A basic reason for this is that when chocolate (couverture) is melted and re-sets as it cools the various fats and solids contained in the chocolate set at different rates and at different specific temperatures. If done naturally without using a method to control the crystallization the chocolate would not set properly and would be grey and streaked when it hardened. Here is another way to look at it: Think of an instance in the summer when you left a chocolate bar somewhere hot and it became slightly melted and soft, then you took it into the house and refrigerated the bar. What happened once it rehardened? It had become an unsightly grey with streaks (this is called bloomed or fat bloomed in chocolate making jargon).
To crystalize (temper) the chocolate there are three basic methods. They are tabling, seeding and microwave methods.
The table method (the classical method used for generations) is accomplished on a marble slab. The chocolate is first melted to a specific temperature range and then a portion of it is poured onto the marble and then spread back and forth with an offset palette knife. When it begins to cool and set it is returned to the original bowl and stirred until the chocolate is cooled to the proper temperature. Lastly, the chocolate is then briefly re-warmed to bring it to the working temperature and ensure that it is fluid enough to work with.
In the seeding method, the chocolate is first melted to the correct temperature range and then a portion of pre-crystalized chocolate (that has not been melted and is shiny and hard when purchased) is added to the melted chocolate and then stirred until the chocolate has reached the proper temperature and the entire batch is crystallized properly. In both of these methods, the correct ranges of temperature along with the slow gentle stirring of the chocolate is of utmost importance in order to create the proper formation of the crystals, ensuring a smooth workable chocolate that will set properly when cooled.

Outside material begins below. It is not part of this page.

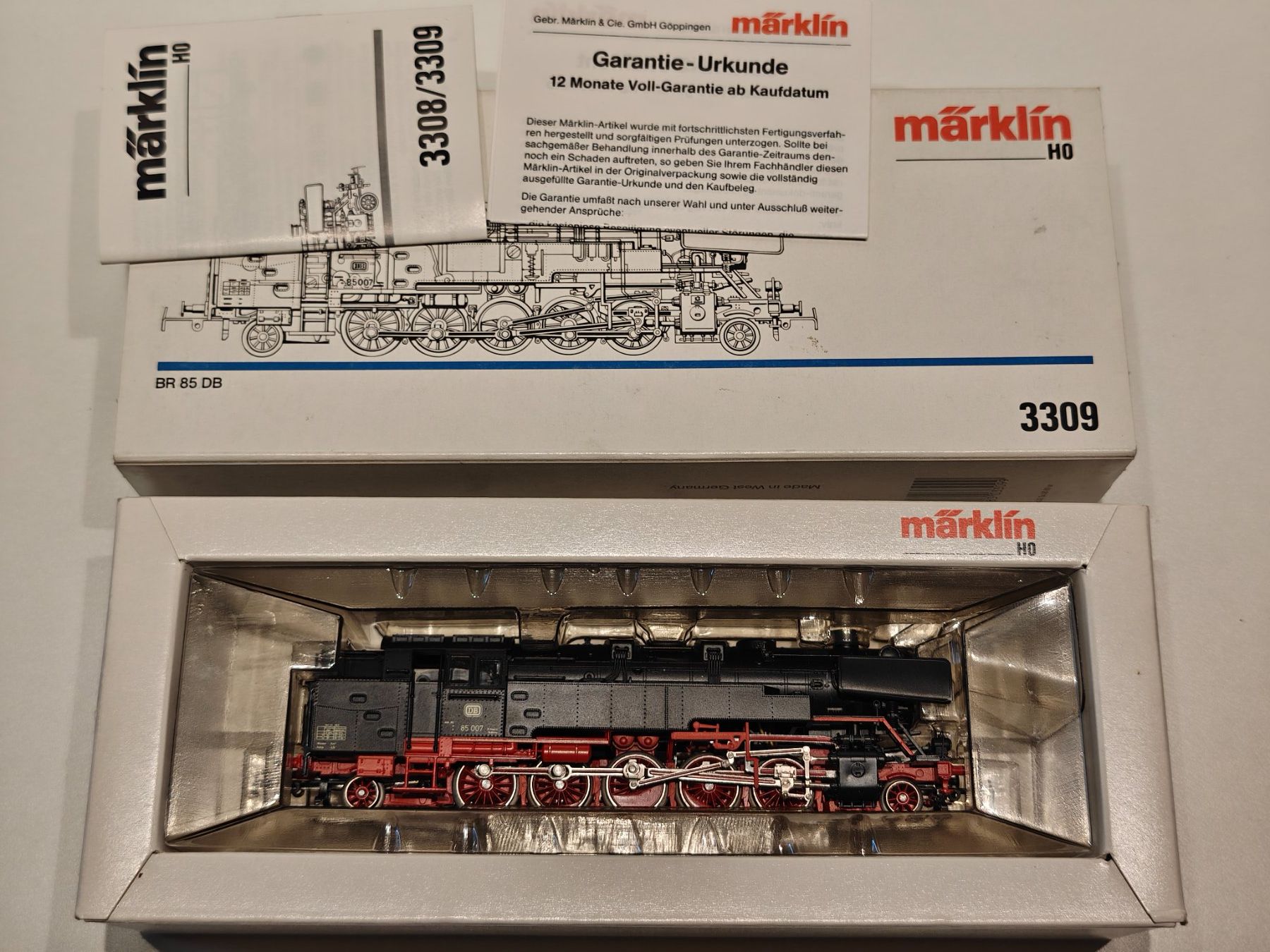 Märklin Trains électriques: Märklin 3309 BR 85 DB – D'occasion à Braunau par Homersimpson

For home use, the best way to work with chocolate is to use the microwave method. This is done in a plastic bowl by melting the chopped chocolate on 50% to75% power until about 3/4ths of it is melted. The bowl is then removed from the microwave and stirred until all of the chocolate has melted. This technique is accomplished because all of the chocolate is not melted and therefore the chocolate that is still solid remains in a crystallized state. When stirred with the melted chocolate this enables the entire batch to develop the crystallization needed to bring it in its proper state. If done right and then tested the chocolate can be used for candies, decoration, and showpieces.
In all of the methods, the temperature is of the utmost importance. If the chocolate does not reach or exceeds the top temperature then the chocolate will not crystallize properly. Make sure to use a good thermometer to check it throughout the phases. See the following guide.
|Type of Chocolate||Initial Melting
|Cooling Temperature||Rewarming/Working Temperature Range|
|Dark||113°F to 122°F||80°F||88°F to 90°F|
|Milk||104°F to 113°F||79°F||82°F to 84°F|
|White||96°F to 100°F||77°F||80°F to 82°F|
Decorations made with crystallized chocolate is an art form that uses many techniques some of which are shavings, piping, ribbons, plaques, and filigree.
Piping chocolate is a technique that takes practice to create thin graceful lines with no breaks. Done with crystallized chocolate this technique which is also used for chocolate writing is a skill with many applications.
Chocolate curls, plaques and filigree can be used to make decorations or showpieces for elaborate presentations.
Chocolate is surely one of the most luxurious and enticing foods in the world. With knowledge and practice, it can be used to make candies and desserts and simple decorations in both the home and professional kitchen!